La société 369 St Barth Beach Club a quatre mois pour présenter un permis modificatif qui soit en accord avec les règles d'urbanisme, notamment concernant la surface minimale d’espaces végétalisés.
Après l’affaire de l'Émeraude St Barth (JSB1674), c’est le projet de restaurant de plage à Lorient qui est passé devant la cour d’appel administrative de Bordeaux. Cette fois, la requête était lancée par les opposants au projet : un collectif de voisins. Ce groupe de riverains avait déjà demandé au tribunal administratif l’annulation du permis de construire de la société SC Management, devenue société 369 St Barth Beach Club, qui souhaitait bâtir un restaurant-bar-hôtel au bord de la plage à Lorient. Une demande rejetée par le tribunal administratif de Saint-Barthélemy le 28 novembre 2023.
Trois points à régulariser
Le collectif ne s’est pas avoué vaincu et a porté l’affaire devant la Cour administrative d’appel de Bordeaux. Après l’audience qui s’est tenue le 18 juin dernier, la cour d’appel a rendu sa décision le 9 juillet 2026. Celle-ci a décidé d’un sursis à statuer, « afin de permettre à la société 369 St Barth Beach Club de notifier à la cour, dans le délai de quatre mois », un « nouvel arrêté lui accordant le permis de construire sollicité, régularisant les vices mentionnés aux points 8,10 et 16 du présent arrêté.» La société dispose donc de quatre mois pour présenter à la Cour un permis modificatif qui prend en compte les modifications notifiées par la justice.
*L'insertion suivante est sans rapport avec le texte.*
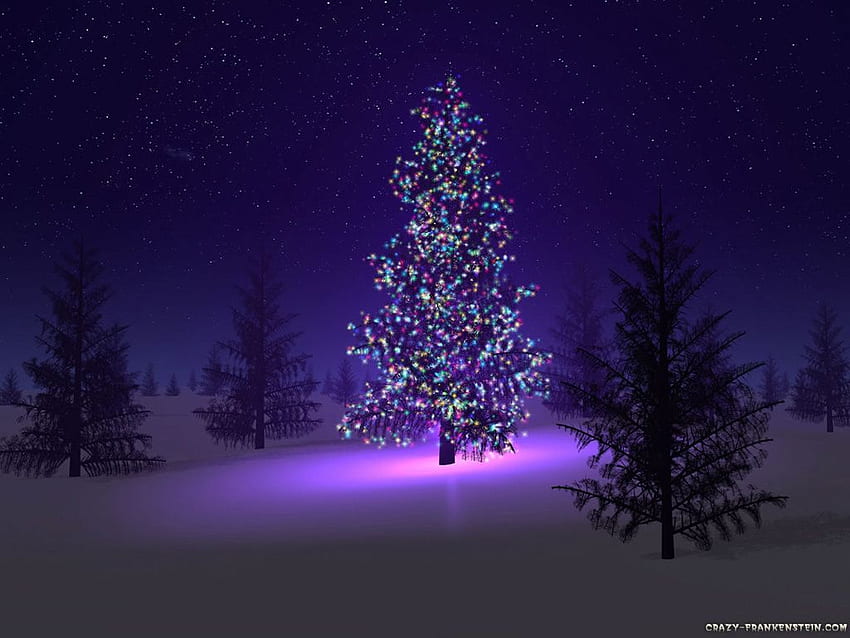 Skipping Christmas Part One. Beautiful christmas trees, Purple christmas tree, Purple christmas, Purple Christmas Ornaments HD wallpaper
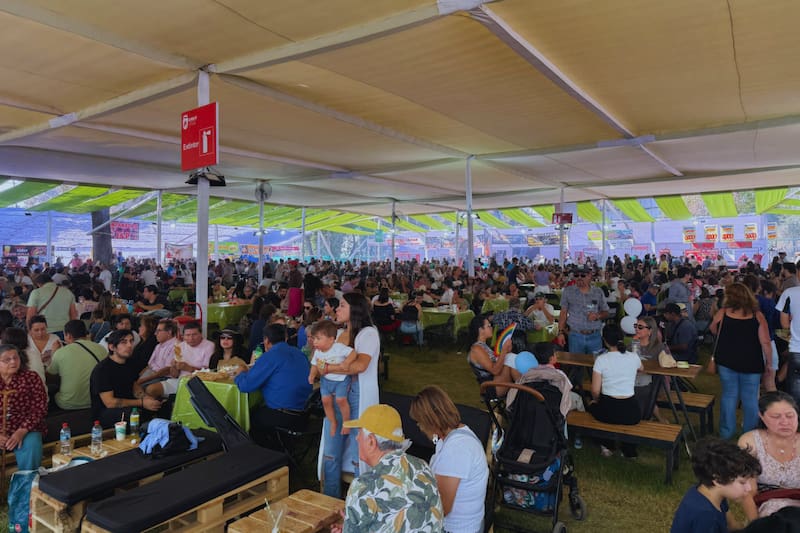 El panorama ofrecerá de todo para la entretención familiar, desde el viaje en tren hasta gozar de la clásica fiesta curicana. Créditos: Tren del Recuerdo.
Trois points du permis doivent être régularisés puisqu’ils ne correspondent pas aux règles d’urbanisme. En premier lieu, il s’agit d’une portion de la passerelle pour accéder à la plage et une partie du mur nord qui sont prévus en zone N, alors que c’est une zone dite inconstructible. D’autre part, la Cour avance qu’une partie de la construction n’est pas en accord avec les règles d’urbanisme puisqu’un mur qui doit être implanté en “secteur deck” « ne peut être regardé comme un aménagement léger ou peu haut ». Enfin, la Cour d’appel souligne que le permis accordé ne prévoit pas suffisamment d’espaces végétalisés.
“Une petite victoire”
Une décision considérée comme « une petite victoire pour le bien-être de Saint-Barth » aux yeux du collectif de riverains. « Ils auraient pu annuler le permis puisqu’on sait que les 70 mètres carrés d’espaces végétalisés sont quasiment impossibles à trouver dans l’état actuel », réagit le collectif, qui se dit «mitigé » suite à cette décision. Il reste toutefois vigilant et surveille la décision du conseil exécutif qui devra voter le permis modificatif. « Si la Collectivité le refuse, ce projet sera annulé purement et simplement, ce qui serait cette foi-ci une très grande victoire », espèrent les voisins. Sollicité par le JSB, le président de la société 369 St Barth Beach Club, Julien Sormonte, n’a pas donné suite avant la publication du journal.